The queen in your photo has a nice shiny hairless thorax so looks like the old queen.
Let us know how you get on.


----------



## Daniel SGa (Feb 8, 2015)

If that is a 10 frame brood box, I would put the tenth frame in there to get the bee space right before burr comb is on the sides. Looks like a good strong hive that could be drawing out plenty foundation right now.
Daniel


----------



## dharmaworker (Jul 2, 2015)

Update ::: I made the split two Saturdays ago and checked on the nuc which had the queen. She isn't laying and the hive has been robbed and I found no larve or eggs. Some capped brood but looks like they're dead. Some half emerged. I'm wondering if that is a virgin queen in there. If so, wouldn't she have mated already?


----------



## dharmaworker (Jul 2, 2015)

Also, maybe 1-2 frames at best of bees. They will not be lasting long. Any quick ideas to at least save the queen or help her lay?

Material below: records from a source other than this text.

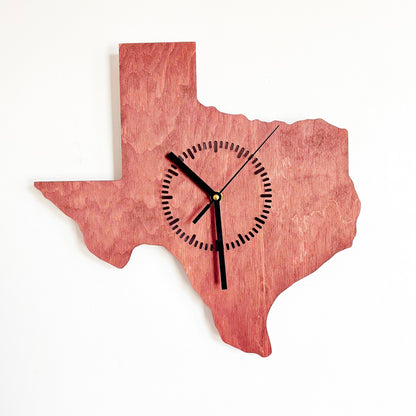 Texas Wall Clock, Handmade Wooden State Decor, Mahogany Birch Plywood, Rustic Western Home Art, Large 14 Inch Gift for Texas Lovers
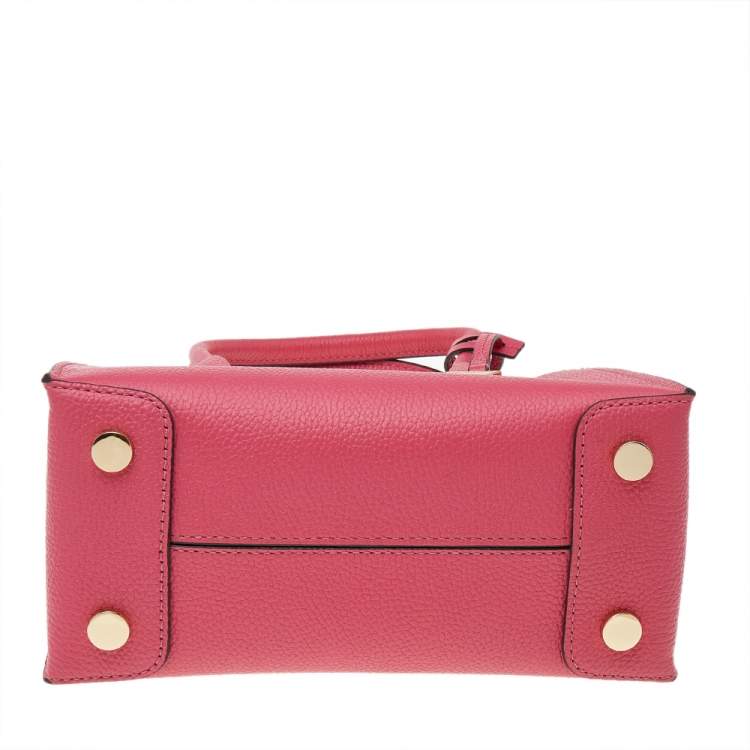 Pre Owned Michael Kors Pink Leather Mini Mercer Tote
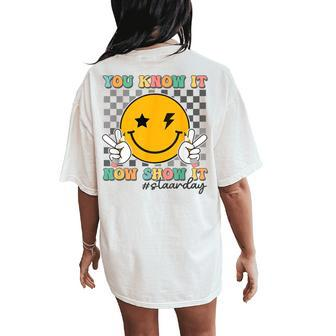 Groovy Smile Testing Day Teacher You Know It Now Show It Women's Oversized Comfort T-Shirt Back Print - Seseable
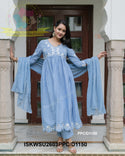 Embroidered Cotton Anarkali Kurti With Pant And Malmal Cotton Dupatta-ISKWSU2603PPC/D1150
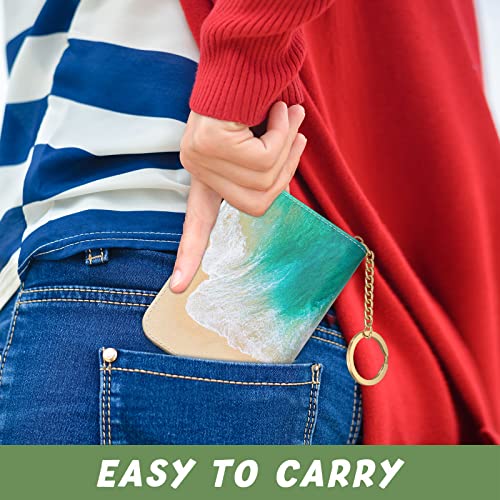 Credit Card Holder for Women, Small RFID Wallet Slim Leather Card Case - color: Beach, size: Keychain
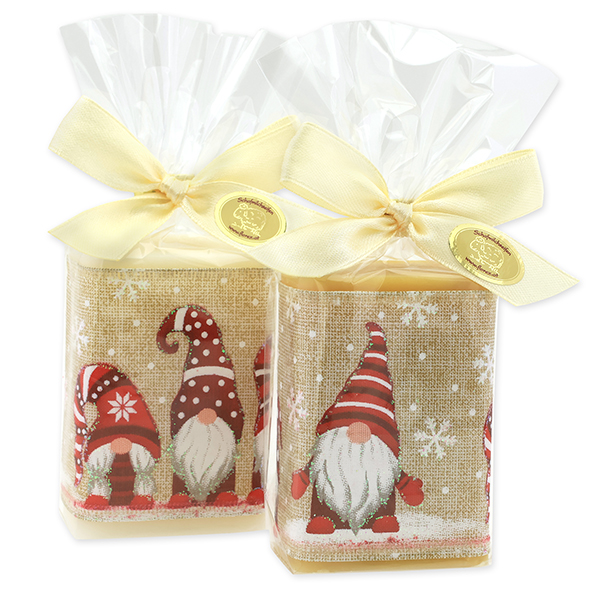 Schafmilchseife eckig 100g dekoriert mit Dekoband in Cello, Classic/Zirbe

The parent hive is still booming.


----------



## ericweller (Jan 10, 2013)

dharmaworker said:


> Also, maybe 1-2 frames at best of bees. They will not be lasting long. Any quick ideas to at least save the queen or help her lay?
> 
> The parent hive is still booming.


Add a frame of eggs and see what the bees do with it. If they don't make a QC, give her a week to see what happens. If she doesn't start laying, get a new queen or pinch her and combine with the old hive.


----------